Franken: "Tim Johnson of South Dakota is one of the states where the sitting governor chooses a replacement, without regard to party. Republican Governor Mike Rounds could be expected to appoint someone from his own party to fill the vacancy until the next election in two years. Instead of the 51/49 majority Democrats fought so hard to achieve, it would become 50/50, and the tie would be broken by the President of the Senate -- the Vice President of the United States, Dick Cheney. Of course, Democrats would still control the House, but the opposition party's newly gained power in Congress would suddenly be ripped in half by fate, and GOP senators would be able to protect their party's president from a full-scale assault. Without question, all the expressions of concern for Senator Johnson are very sincere but I've got to say that the ones from the Democrats, Miles, are even more sincere."

O'Brien "Absolutely. Bob Franken, thank you very much."

An hour later, Franken continued discussing the issue in fearful terms, relating what a "disruption" such a shift in power would be:

Franken: "And the Republican governor of South Dakota would replace him with a fellow Republican, which he's allowed to do in that state. It would mean that the Senate goes 50-50. There's a tie-breaker here, and it belongs to the Vice President of the United States, the President of the Senate. And he's a Republican, of course, and that would mean that suddenly the majority, the majority power would go back to the Republicans which would be a major, major disruption. Even though the Democrats control the House of Representatives, a role of the Senate has always been to stop, to slow down the House and that would put the Republicans back in power. But that, of course, is all speculation, Miles."

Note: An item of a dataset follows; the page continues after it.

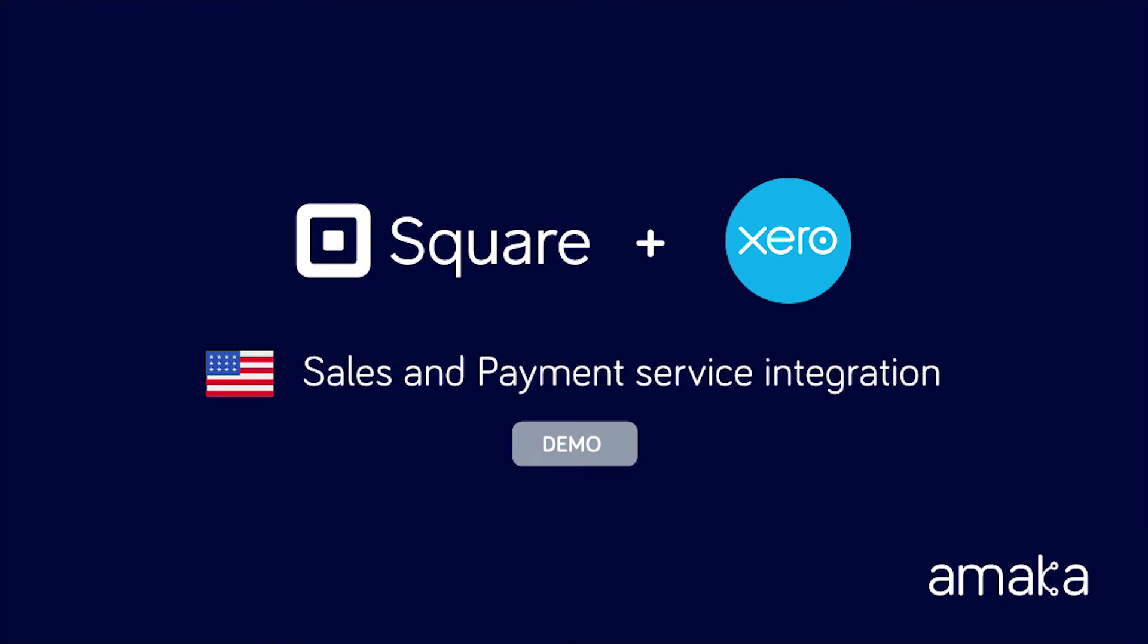Connect your Square account with Xero and get rid of the manual encoding of sales, GSD and Square fees. Square deposits can be reconciled quickly with bank transfer transactions pushed by the integration, all for free.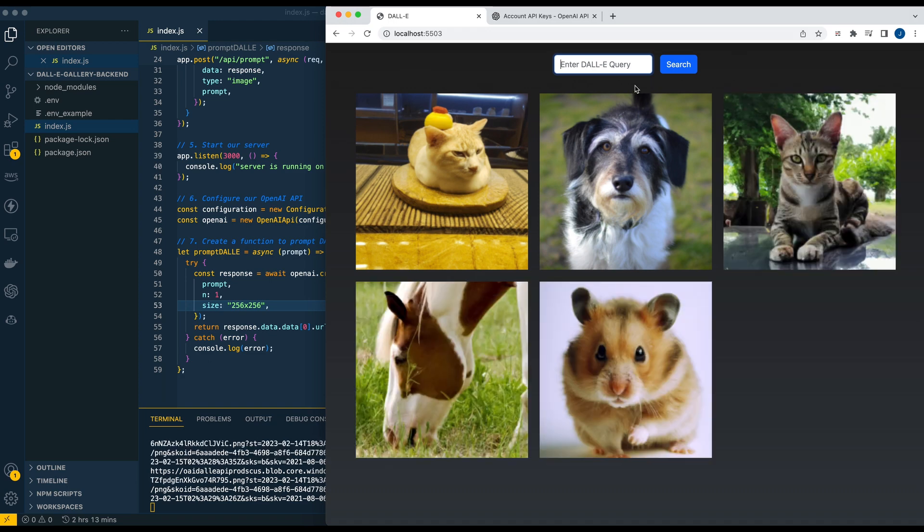Hopefully this is a boilerplate to get you started using the OpenAI API and DALL-E and building your own application. I'm curious to see what you build and hopefully you enjoyed this. If you did, please like, comment, subscribe, and until the next one.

Upon hearing this news, most Americans likely responded by saying a prayer for Senator Johnson. Wondering who is "more sincere," or speculating about the apocalyptic impact of his retirement, seems more than a little crass, even for CNN.

A transcript of both segments, which aired on December 14, follows:

7:32am

Miles O’Brien: "Democratic Senator Tim Johnson of South Dakota reported in critical condition now after brain surgery overnight in a Washington hospital. Johnson was rushed to the hospital yesterday after suffering stroke-like symptoms during a conference call with reporters. If Johnson can't serve in the new Congress, Democrats could lose their one-vote majority in the Senate. 'American Morning's' Bob Franken is here with us for more on the political implications. A little bit of speculation, but nonetheless, a lot of talk in Washington about this."

Bob Franken: "A lot of speculation. Of course, we don't know the ultimate prognosis. He's in medical hands right now, but that hasn't stopped the political hands from quickly engaging in down-home calculation. The speculation began almost immediately after word got out Johnson had been stricken at the end of a political conference call with South Dakota reporters."

Tim Johnson: "The money was proposed to be provided a year ago, second to -- you know -- it just is frustrating."

Franken: "If senator Johnson can no longer serve, and that's a big if, the balance of power in the Senate would turn upside down. It's as simple as that. Republicans would almost certainly take back the Senate that the Democrats had just wrenched from their control in last month's election."

John Mercurio (Hotline): "Democrats are expecting to come back to Capitol Hill in January in control of a legislative agenda. And this put a huge wrench in what Nancy Pelosi and Harry Reid are expected to try to accomplish in the first few--over the next two years."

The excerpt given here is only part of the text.